Confused by extra allocations

I’ve written a function that loops over a large table and is running slower than I expected. The source of the problem seems to be a huge amount of extra allocations. I’ve created the following minimal example that demonstrates the issue:

using DataFrames
using Tables

function f(xs)
  a = Tables.columntable(xs)
  for _ in 1:length(a.x)
  end
end
julia> d = DataFrame((x=rand(10^6)));

julia> @time f(d)
  0.109198 seconds (3.01 M allocations: 61.923 MiB, 8.61% gc time, 24.60% compilation time)

julia> @time f(d)
  0.130291 seconds (3.00 M allocations: 61.020 MiB, 13.04% gc time)

Is this a bug?
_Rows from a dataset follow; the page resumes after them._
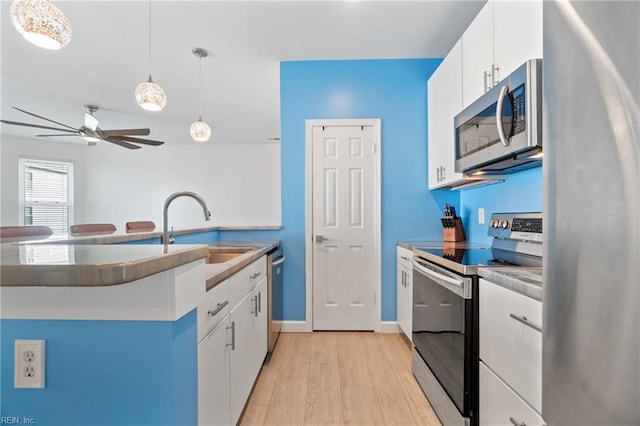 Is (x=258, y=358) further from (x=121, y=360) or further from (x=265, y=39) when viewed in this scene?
(x=265, y=39)

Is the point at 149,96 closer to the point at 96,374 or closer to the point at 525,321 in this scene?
the point at 96,374

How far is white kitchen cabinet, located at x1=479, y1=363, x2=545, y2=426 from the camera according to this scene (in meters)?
1.03

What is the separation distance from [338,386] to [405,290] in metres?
1.00

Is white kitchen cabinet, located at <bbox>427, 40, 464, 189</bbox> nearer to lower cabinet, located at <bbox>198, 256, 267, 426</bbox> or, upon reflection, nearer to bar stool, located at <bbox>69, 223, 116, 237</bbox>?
lower cabinet, located at <bbox>198, 256, 267, 426</bbox>

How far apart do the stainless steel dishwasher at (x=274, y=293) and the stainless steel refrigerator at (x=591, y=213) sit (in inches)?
72.8

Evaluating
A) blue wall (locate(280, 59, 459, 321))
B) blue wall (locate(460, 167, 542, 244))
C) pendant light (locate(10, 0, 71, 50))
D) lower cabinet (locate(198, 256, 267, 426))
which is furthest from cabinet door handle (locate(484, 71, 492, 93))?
pendant light (locate(10, 0, 71, 50))

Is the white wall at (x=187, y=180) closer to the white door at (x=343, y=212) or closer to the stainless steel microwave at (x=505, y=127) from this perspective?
the white door at (x=343, y=212)

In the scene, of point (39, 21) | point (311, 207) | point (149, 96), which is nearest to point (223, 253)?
point (311, 207)

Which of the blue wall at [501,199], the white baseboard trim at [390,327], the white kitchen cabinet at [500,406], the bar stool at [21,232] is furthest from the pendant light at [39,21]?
the white baseboard trim at [390,327]

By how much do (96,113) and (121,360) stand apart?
5.45 meters

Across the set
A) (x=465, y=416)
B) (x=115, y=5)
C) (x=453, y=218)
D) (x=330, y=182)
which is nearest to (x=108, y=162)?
(x=115, y=5)

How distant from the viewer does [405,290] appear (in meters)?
2.58

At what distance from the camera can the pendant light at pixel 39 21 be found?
4.98 feet

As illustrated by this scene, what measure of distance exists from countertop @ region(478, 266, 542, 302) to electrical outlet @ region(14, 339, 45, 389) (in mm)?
1407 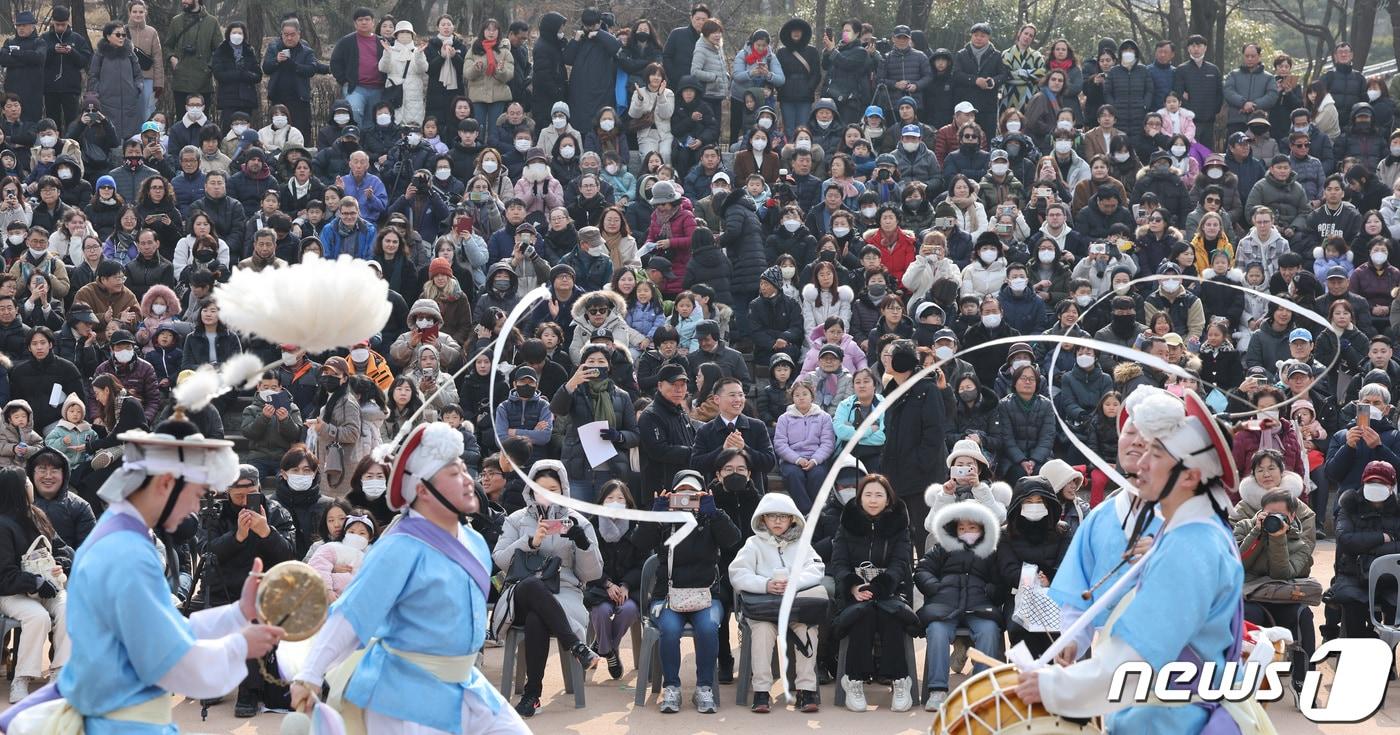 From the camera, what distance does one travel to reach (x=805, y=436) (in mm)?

Why would an empty loop over a range generate millions of allocations (the number of allocations scales with the size of the dataframe).


julia> using DataFrames, Tables

julia> const d = DataFrame((x=rand(10^6)));

julia> @time length(Tables.columntable(d).x);
  0.126591 seconds (155.26 k allocations: 9.318 MiB, 99.71% compilation time)

julia> @time length(Tables.columntable(d).x);
  0.000026 seconds (11 allocations: 400 bytes)

julia> @time for i = 1:length(Tables.columntable(d).x) end;
  0.187395 seconds (3.00 M allocations: 61.020 MiB, 67.25% gc time)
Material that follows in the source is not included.